• _What the exercise asks_
Of all the lines in the entries below, give again exactly those starting at the line containing "Cadre de lit Gris 90x200 cm Similicuir" and ending at the line containing "Door Topper Cowboy", both ends included, and no others.

........

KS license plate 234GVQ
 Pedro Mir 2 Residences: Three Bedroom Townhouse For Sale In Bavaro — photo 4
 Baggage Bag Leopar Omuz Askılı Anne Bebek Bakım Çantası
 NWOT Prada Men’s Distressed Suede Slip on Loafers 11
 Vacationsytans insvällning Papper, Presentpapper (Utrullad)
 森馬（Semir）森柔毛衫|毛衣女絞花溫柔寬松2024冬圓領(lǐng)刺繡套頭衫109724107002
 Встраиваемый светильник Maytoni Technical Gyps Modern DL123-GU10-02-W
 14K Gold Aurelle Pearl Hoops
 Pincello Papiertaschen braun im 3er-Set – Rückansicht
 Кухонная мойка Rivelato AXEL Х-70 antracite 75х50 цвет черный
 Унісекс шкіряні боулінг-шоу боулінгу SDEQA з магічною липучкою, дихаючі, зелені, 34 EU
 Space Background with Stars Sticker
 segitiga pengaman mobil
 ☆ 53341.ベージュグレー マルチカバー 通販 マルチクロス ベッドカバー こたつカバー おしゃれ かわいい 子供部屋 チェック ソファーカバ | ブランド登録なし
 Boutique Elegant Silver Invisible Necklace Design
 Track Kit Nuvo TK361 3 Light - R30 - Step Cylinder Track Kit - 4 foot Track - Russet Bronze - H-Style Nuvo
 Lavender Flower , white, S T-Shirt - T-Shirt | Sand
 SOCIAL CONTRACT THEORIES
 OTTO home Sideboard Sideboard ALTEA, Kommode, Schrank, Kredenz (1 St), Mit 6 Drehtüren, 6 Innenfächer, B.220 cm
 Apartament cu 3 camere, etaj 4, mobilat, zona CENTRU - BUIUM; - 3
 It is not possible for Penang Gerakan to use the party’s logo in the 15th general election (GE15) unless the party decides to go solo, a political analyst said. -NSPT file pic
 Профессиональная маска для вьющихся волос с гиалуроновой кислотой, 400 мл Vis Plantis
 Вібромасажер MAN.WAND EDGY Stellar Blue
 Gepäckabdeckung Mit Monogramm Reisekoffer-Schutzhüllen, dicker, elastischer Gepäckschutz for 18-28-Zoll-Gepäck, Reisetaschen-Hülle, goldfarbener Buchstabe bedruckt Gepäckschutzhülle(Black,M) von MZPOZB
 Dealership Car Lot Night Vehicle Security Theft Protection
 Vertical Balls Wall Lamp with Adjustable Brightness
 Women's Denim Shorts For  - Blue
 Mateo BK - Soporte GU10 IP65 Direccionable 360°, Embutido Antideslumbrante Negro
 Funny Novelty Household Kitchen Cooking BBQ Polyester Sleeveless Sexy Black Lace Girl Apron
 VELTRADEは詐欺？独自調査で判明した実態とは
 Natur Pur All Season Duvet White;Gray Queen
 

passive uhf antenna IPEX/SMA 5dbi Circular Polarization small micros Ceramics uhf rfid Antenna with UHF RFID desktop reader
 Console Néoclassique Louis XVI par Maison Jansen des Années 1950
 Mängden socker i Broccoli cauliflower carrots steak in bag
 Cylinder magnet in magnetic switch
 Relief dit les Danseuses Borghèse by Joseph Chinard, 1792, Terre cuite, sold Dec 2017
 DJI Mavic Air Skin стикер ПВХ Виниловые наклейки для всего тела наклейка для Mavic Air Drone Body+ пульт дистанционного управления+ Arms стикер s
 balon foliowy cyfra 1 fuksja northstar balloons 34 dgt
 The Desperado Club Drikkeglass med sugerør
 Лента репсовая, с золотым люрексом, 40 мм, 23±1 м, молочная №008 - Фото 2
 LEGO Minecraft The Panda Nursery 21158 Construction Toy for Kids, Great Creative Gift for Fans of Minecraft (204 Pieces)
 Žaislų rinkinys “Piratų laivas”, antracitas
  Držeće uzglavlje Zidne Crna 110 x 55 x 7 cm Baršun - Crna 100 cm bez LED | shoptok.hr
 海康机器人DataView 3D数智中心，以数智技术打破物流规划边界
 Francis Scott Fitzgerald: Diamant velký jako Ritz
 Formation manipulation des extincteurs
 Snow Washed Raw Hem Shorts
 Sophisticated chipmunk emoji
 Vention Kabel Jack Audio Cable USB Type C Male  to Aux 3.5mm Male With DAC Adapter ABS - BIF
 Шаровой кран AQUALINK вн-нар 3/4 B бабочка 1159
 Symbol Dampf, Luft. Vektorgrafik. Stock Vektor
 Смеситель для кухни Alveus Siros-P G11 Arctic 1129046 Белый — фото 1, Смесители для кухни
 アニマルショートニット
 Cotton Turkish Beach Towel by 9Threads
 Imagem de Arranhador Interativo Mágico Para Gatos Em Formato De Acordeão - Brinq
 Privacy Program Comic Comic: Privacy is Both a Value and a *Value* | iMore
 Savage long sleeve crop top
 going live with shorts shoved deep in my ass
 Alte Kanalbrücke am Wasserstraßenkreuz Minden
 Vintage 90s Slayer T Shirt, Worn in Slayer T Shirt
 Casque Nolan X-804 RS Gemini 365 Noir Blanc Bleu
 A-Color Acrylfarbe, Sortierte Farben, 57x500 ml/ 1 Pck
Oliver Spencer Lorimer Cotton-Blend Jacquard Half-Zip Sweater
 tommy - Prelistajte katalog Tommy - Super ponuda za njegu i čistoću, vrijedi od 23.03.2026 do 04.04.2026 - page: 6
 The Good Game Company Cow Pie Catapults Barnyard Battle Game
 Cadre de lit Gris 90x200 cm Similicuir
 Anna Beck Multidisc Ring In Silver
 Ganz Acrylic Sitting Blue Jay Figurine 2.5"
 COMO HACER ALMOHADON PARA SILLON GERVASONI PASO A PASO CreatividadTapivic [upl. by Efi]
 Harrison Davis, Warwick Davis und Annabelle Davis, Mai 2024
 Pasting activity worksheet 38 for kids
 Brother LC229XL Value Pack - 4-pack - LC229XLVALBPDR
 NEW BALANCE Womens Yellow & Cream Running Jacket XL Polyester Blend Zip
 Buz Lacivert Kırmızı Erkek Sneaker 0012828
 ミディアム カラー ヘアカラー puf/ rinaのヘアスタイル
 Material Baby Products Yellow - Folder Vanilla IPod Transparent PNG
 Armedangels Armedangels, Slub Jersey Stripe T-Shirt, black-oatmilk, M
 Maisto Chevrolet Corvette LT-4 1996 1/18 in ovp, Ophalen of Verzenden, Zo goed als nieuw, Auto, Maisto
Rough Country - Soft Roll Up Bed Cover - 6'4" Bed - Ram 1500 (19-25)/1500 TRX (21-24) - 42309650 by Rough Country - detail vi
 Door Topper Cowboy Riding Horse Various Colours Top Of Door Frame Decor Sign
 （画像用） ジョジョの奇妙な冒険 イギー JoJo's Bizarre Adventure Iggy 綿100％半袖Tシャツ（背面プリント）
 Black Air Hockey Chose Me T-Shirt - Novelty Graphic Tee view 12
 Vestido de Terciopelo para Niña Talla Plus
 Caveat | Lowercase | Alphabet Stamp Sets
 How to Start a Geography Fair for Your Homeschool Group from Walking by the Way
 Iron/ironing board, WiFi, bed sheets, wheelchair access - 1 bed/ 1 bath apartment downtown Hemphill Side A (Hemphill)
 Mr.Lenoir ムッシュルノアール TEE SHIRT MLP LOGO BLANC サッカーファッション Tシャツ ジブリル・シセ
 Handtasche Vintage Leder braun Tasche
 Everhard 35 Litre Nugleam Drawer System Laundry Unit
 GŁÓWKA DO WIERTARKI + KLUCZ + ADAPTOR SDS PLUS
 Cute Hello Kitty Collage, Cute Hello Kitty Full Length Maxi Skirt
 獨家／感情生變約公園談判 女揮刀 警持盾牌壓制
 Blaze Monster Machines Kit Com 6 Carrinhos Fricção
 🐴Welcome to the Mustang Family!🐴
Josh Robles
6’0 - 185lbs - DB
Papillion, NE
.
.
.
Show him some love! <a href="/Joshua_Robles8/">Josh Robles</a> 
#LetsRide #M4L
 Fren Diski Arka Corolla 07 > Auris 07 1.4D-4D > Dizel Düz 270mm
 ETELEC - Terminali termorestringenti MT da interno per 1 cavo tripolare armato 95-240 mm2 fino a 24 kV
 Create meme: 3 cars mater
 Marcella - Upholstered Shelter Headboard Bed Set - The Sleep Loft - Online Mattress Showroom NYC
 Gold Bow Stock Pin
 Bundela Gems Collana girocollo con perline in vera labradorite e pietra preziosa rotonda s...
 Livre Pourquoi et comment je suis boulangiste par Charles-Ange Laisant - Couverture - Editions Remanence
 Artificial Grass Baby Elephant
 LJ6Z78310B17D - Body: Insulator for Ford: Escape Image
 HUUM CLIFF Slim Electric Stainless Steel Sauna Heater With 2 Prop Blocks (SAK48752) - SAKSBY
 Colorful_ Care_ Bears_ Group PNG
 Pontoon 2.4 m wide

........

• _Answer to the exercise_
 Cadre de lit Gris 90x200 cm Similicuir
 Anna Beck Multidisc Ring In Silver
 Ganz Acrylic Sitting Blue Jay Figurine 2.5"
 COMO HACER ALMOHADON PARA SILLON GERVASONI PASO A PASO CreatividadTapivic [upl. by Efi]
 Harrison Davis, Warwick Davis und Annabelle Davis, Mai 2024
 Pasting activity worksheet 38 for kids
 Brother LC229XL Value Pack - 4-pack - LC229XLVALBPDR
 NEW BALANCE Womens Yellow & Cream Running Jacket XL Polyester Blend Zip
 Buz Lacivert Kırmızı Erkek Sneaker 0012828
 ミディアム カラー ヘアカラー puf/ rinaのヘアスタイル
 Material Baby Products Yellow - Folder Vanilla IPod Transparent PNG
 Armedangels Armedangels, Slub Jersey Stripe T-Shirt, black-oatmilk, M
 Maisto Chevrolet Corvette LT-4 1996 1/18 in ovp, Ophalen of Verzenden, Zo goed als nieuw, Auto, Maisto
Rough Country - Soft Roll Up Bed Cover - 6'4" Bed - Ram 1500 (19-25)/1500 TRX (21-24) - 42309650 by Rough Country - detail vi
 Door Topper Cowboy Riding Horse Various Colours Top Of Door Frame Decor Sign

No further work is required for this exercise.